SPEAKER_01So I think where you and I intersected is I we started Mountain West in uh 2009 as a brokerage, and um I always wanted to figure out how to do property management, but property management is really, at least from my perspective, very complicated, and I didn't have the expertise there, and so I always wanted to find a partner, someone who we thought was a great partner who we could partner with, who could build property management with us. Um, there's so much synergy between brokerage and property management, and vice versa. They're very synergistic, and obviously it's a great thing for brokers to have for clients because we want to service our clients, we want our clients to have the best of everything. And we bounced around trying to figure out property management for 10 plus years, maybe 13, 14 years, and I caught wind that you were making a transition and you were looking to, you know, do something different and build your next company. And I kind of lost my my, you know what. Like I was so excited. I think I called you directly, yeah. And you were like, who in the world is this guy? And I was like, we got to go to lunch. And you were like, What who is this weirdo? Anyway.
SPEAKER_00No, it was, it was, yeah, it was it was you, it was Nick, and yeah, it was uh uh I remember that day, like it was yesterday, it feels like, to sit down and just talk through kind of you know the vision and what you guys wanted to build at Newmark Mountain West on the PM side and um to see if that aligned with kind of my future and where I was going. So I remember like it was yesterday, it was an awesome lunch, and it was kind of the start of a really cool thing.
SPEAKER_01Yeah, I just felt like again, it it was a partner thing for us. We wanted to have the right partner who was a long-term partner who was incredible at property management, and we felt like we spend so much time helping our clients, and that means everything to us. And then one of the hardest things to do as a broker in sales is you turn this client over to another line of business. Yeah, and sometimes it doesn't work out, and that's a poor reflection on you as the broker, or you could say the same thing as a property management manager turning it over to a broker, right? Yeah, and so to have that partner who is so awesome and so great at property management. I mean, I was I was super pumped.
SPEAKER_00So thank you.
SPEAKER_01Took a minute to actually make the deal, but yeah, those are kind words.
SPEAKER_00I really appreciate it. I I appreciate um both you and Nick just just yeah, having that faith, that competence, um, and and just for the opportunity, right, to to build this, because I think it's something that like you said, for you know, 10 plus years didn't really exist at at the company. And so to be able to launch that business line to start something from scratch again, which did feel a little crazy to start from scratch, um, again, but at the same time, I I enjoy that. I like the process, I like uh the challenge, I guess, of of building something from the ground up. And so to be able to do that with partners as great as you guys, with brokers like we have at Newmark Mountain West with the support staff, the resources, um, it was truly a no-brainer to to partner with you guys.
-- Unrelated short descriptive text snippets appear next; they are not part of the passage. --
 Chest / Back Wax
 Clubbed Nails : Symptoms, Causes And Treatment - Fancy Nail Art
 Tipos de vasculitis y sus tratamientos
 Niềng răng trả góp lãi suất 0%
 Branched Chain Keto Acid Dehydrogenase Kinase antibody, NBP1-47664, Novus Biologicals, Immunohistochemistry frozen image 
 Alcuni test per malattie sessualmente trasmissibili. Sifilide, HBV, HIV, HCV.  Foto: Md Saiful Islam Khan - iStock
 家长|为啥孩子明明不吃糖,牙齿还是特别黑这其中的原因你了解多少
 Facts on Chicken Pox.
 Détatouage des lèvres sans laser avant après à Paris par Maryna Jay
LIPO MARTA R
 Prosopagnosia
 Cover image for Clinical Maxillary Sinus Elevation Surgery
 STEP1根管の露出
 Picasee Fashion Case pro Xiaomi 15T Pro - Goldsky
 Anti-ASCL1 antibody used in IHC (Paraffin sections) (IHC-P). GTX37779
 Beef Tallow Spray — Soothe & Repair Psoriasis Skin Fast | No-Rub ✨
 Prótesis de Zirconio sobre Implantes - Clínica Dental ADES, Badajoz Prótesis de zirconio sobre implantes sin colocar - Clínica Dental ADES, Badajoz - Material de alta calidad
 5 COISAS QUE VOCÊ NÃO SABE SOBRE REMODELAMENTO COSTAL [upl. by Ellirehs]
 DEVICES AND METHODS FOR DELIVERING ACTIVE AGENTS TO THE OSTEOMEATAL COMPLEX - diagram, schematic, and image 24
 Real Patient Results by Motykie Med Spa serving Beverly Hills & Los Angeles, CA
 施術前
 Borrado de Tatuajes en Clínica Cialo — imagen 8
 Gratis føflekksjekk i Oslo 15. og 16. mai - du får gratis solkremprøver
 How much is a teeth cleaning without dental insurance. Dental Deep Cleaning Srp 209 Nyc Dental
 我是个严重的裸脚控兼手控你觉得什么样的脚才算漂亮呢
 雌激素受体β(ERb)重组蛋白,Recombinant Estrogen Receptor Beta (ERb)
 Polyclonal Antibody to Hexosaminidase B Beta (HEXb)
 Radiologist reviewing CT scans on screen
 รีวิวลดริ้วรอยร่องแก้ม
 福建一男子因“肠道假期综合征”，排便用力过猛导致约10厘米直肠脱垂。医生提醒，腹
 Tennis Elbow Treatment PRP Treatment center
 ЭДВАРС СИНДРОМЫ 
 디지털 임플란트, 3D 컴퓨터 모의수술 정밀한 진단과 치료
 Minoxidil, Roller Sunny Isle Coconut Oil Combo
SPEAKER_01Yeah, we were reviewing numbers this morning, just unrelated to this podcast you and I were, and uh a couple things stuck out to me. But one, in year one of operation, you received 55 referrals from the brokerage. Yeah. So like you could that the pent-up demand for a great property man manager in in-house was so big.
SPEAKER_00Yeah.
SPEAKER_01And I think last year you got another 45 or 50 referrals. So like talk a little bit about what it's like to be really a startup, but just have that like rocket ship growth that you've had. I mean, you've gone, I I can't remember the exact number, but it's it's a hundred percent growth or more than that, I'm sure I'm doing it a disservice, but it's a huge amount of growth that you're seeing.
SPEAKER_00Yeah, we've added we've added basically two properties a month since inception, um, which was about two years ago. So yeah, up to 50 properties, um, which is truly insane, right? I I think you know, if I were to try to do it by myself without this partnership, without the brokerage kind of community behind me, um, it would have been half as fast, if not even slower, right? So, so to have that pipeline, it's essentially like I feel like I have, you know, 150 salespeople that that are out there in the market, they know what's going on, they know the transactions that are happening, they know the clients.
SPEAKER_01And they have confidence in you as a property manager turning their clients over to you.
SPEAKER_00Yeah, and I think, and I'm obviously grateful for that and appreciate their support and kind of respect that way. Um, and that has come over time, I think, with just knowing these guys for and gals for, you know, 10 plus years, but also just trying to create, you know, incentives and and motivate them to really think of me first when when uh an assignment comes up that that they could refer. So um it's been it's been incredible to kind of see those referrals come in and then be able to go out and try to close those deals and and then to yeah, deliver and and take care of the client and the properties.
SPEAKER_01What's a I mean, obviously that incredible growth is great and everybody's excited about it. But what are some of the challenges as like a startup business owner, founder? Like what are challenges with that level of growth?
SPEAKER_00Um I think uh one of the challenges is just when you're going that fast, having the right people in place to kind of support the growth. Um and luckily, thanks to kind of long-standing relationships, both my own and and of kind of the Newmark Mountain West community, we've got a team and staff that are able to support us in that in a way that is scalable and sustainable and doesn't necessarily kind of overburden us um right out the gates. Um and then I think just keeping the momentum going, right? Always, you know, always hungry, always kind of searching for the next deal, um, keeping the pipeline full. Um it's great to go out and land deals and you know, win deals, but then where's the next one coming from, right? It's kind of the same as the broker mindset of just you know staying hungry and like continuing to to to search and and keep your pipeline full so that you can have a constant stream of kind of new business coming in, but then on the back end be able to support those properties and actually deliver a product.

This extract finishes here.